PROVIDED MATERIAL section start

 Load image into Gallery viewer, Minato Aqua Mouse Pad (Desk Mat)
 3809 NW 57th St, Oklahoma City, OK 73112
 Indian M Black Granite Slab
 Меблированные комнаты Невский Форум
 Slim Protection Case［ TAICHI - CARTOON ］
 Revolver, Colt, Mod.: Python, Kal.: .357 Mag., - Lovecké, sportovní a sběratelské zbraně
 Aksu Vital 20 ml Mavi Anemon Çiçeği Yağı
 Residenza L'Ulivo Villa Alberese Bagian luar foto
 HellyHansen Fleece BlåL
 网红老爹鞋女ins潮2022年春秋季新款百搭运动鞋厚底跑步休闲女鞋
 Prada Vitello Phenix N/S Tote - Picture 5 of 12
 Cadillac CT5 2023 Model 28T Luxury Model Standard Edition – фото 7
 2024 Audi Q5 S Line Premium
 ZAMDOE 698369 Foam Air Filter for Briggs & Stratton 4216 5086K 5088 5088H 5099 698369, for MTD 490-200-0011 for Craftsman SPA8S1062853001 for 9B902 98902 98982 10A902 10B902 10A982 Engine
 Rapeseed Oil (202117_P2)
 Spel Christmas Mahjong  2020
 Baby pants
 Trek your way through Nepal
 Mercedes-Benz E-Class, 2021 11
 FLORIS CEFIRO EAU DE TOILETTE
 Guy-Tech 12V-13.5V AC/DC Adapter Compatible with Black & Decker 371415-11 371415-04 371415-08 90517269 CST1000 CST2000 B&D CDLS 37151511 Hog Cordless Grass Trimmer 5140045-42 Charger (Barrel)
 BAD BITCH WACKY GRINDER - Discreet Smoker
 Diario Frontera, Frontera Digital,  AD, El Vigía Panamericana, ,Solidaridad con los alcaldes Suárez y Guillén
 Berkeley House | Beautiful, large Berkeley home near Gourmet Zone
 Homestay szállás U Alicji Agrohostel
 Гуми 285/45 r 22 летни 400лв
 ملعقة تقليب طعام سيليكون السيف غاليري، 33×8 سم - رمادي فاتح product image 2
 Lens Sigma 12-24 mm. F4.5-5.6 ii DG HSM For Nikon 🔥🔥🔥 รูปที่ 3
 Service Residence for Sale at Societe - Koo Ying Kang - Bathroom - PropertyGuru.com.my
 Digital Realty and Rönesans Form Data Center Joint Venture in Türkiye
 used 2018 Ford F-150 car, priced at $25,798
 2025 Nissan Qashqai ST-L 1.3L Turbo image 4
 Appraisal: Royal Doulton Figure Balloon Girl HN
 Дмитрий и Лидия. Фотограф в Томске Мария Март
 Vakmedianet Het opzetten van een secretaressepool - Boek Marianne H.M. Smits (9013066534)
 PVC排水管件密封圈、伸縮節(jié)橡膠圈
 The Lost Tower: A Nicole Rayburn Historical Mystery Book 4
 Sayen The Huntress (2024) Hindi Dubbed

PROVIDED MATERIAL section end

- **REQUIRED WORK**
What is needed is an exact copy of all the records above.

- **SOLUTION BELOW**
 Load image into Gallery viewer, Minato Aqua Mouse Pad (Desk Mat)
 3809 NW 57th St, Oklahoma City, OK 73112
 Indian M Black Granite Slab
 Меблированные комнаты Невский Форум
 Slim Protection Case［ TAICHI - CARTOON ］
 Revolver, Colt, Mod.: Python, Kal.: .357 Mag., - Lovecké, sportovní a sběratelské zbraně
 Aksu Vital 20 ml Mavi Anemon Çiçeği Yağı
 Residenza L'Ulivo Villa Alberese Bagian luar foto
 HellyHansen Fleece BlåL
 网红老爹鞋女ins潮2022年春秋季新款百搭运动鞋厚底跑步休闲女鞋
 Prada Vitello Phenix N/S Tote - Picture 5 of 12
 Cadillac CT5 2023 Model 28T Luxury Model Standard Edition – фото 7
 2024 Audi Q5 S Line Premium
 ZAMDOE 698369 Foam Air Filter for Briggs & Stratton 4216 5086K 5088 5088H 5099 698369, for MTD 490-200-0011 for Craftsman SPA8S1062853001 for 9B902 98902 98982 10A902 10B902 10A982 Engine
 Rapeseed Oil (202117_P2)
 Spel Christmas Mahjong  2020
 Baby pants
 Trek your way through Nepal
 Mercedes-Benz E-Class, 2021 11
 FLORIS CEFIRO EAU DE TOILETTE
 Guy-Tech 12V-13.5V AC/DC Adapter Compatible with Black & Decker 371415-11 371415-04 371415-08 90517269 CST1000 CST2000 B&D CDLS 37151511 Hog Cordless Grass Trimmer 5140045-42 Charger (Barrel)
 BAD BITCH WACKY GRINDER - Discreet Smoker
 Diario Frontera, Frontera Digital,  AD, El Vigía Panamericana, ,Solidaridad con los alcaldes Suárez y Guillén
 Berkeley House | Beautiful, large Berkeley home near Gourmet Zone
 Homestay szállás U Alicji Agrohostel
 Гуми 285/45 r 22 летни 400лв
 ملعقة تقليب طعام سيليكون السيف غاليري، 33×8 سم - رمادي فاتح product image 2
 Lens Sigma 12-24 mm. F4.5-5.6 ii DG HSM For Nikon 🔥🔥🔥 รูปที่ 3
 Service Residence for Sale at Societe - Koo Ying Kang - Bathroom - PropertyGuru.com.my
 Digital Realty and Rönesans Form Data Center Joint Venture in Türkiye
 used 2018 Ford F-150 car, priced at $25,798
 2025 Nissan Qashqai ST-L 1.3L Turbo image 4
 Appraisal: Royal Doulton Figure Balloon Girl HN
 Дмитрий и Лидия. Фотограф в Томске Мария Март
 Vakmedianet Het opzetten van een secretaressepool - Boek Marianne H.M. Smits (9013066534)
 PVC排水管件密封圈、伸縮節(jié)橡膠圈
 The Lost Tower: A Nicole Rayburn Historical Mystery Book 4
 Sayen The Huntress (2024) Hindi Dubbed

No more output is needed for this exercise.